We spent yesterday putting up our Christmas tree. No real trees in our household. Not as long as Karen, the Domestic Despot is still saving the planet one plastic “to go” container at a time. She actually washes the trash.
The cool thing every year is remembering each ornament and the story behind it. We had the most awesome ahead-of-their-time Christmas ornaments in Japan of all places. But I never saw them again after leaving home.
The first Christmas ornament Karen and I have is the “Our First Christmas” oval, marking the date of our marriage 6-21-87. I started getting my outside Christmas lights ready to string up tomorrow.
My display will be of epic proportions.
I know that it means so much more to parents of kids going through Christmas, so they put up any ornaments their goofy kids make at school no matter how hideous.
Not to sound mean, especially at this time of the year, but I like nice ornaments on our tree. I will take a pic and show you what it looks like.
The tree trimming ceremony has calmed quite a bit since my drinking days. No more being blasted and having to finish the next day. This happened on several years.
Now, I am still OK as I hammered down two bowls of Royale 91.
And good night.
Heavy Indica Kush that is perfect for watching Santa Baby with Jenny McCarthy.
Karen just called me a pig again.
I love Babe the pig laughing and wearing a little Santa hat. Why I just wrote that I’ll never know.
And yes, Mariah Carey looks cute in a little Santa hat. Keep your eyes up top and not below where she is starting to succumb to the weight of gravity. (Doesn’t last forever, but you’d never know it if you saw me.)
Don’t get me started on it.
Really, is it any good? The movie I mean.
I think I might have seen her butcher the national anthem once but as bad as it was, it wasn’t hard on the ears.

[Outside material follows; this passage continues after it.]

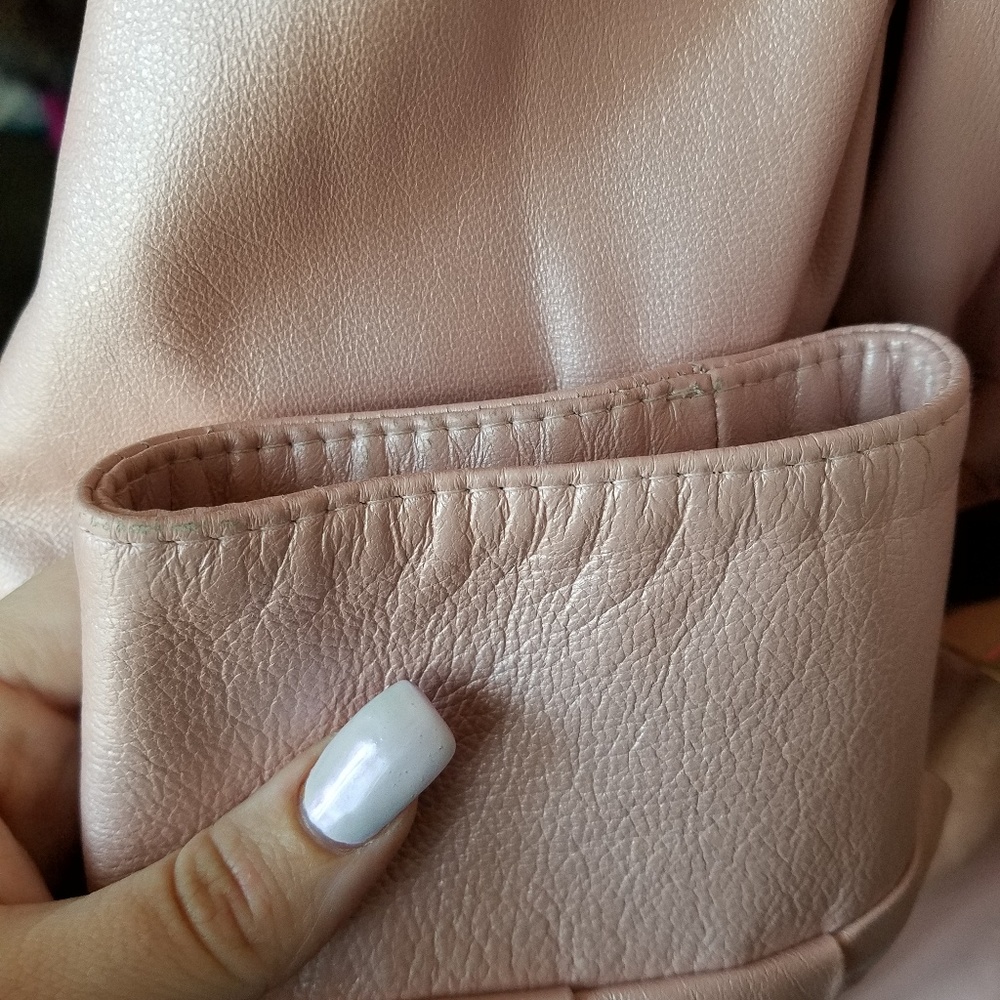 SOLD Henig Furs Pearlescent Pink Leather Fur Coat - Picture 3 of 8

That’s because the only ones able to hear the notes were dogs.
So consequently, I don’t know any Mariah Carey songs except All I Want For Christmas Is You.
So now comes the placing of the lights, the ornaments on the tree and throughout the house, and I have decided to let Karen have her way what goes where even though she has the absolute worst instincts.
How big of me.
I must be truly great to do that.
Every so often my cuz reads the blog, so if you need produce in northern California, The Veg Boss invented produce.
Have fun trimming your own tree if you haven’t already.
I’ll be thinking about you and wishing the best this world has to offer for you and your family.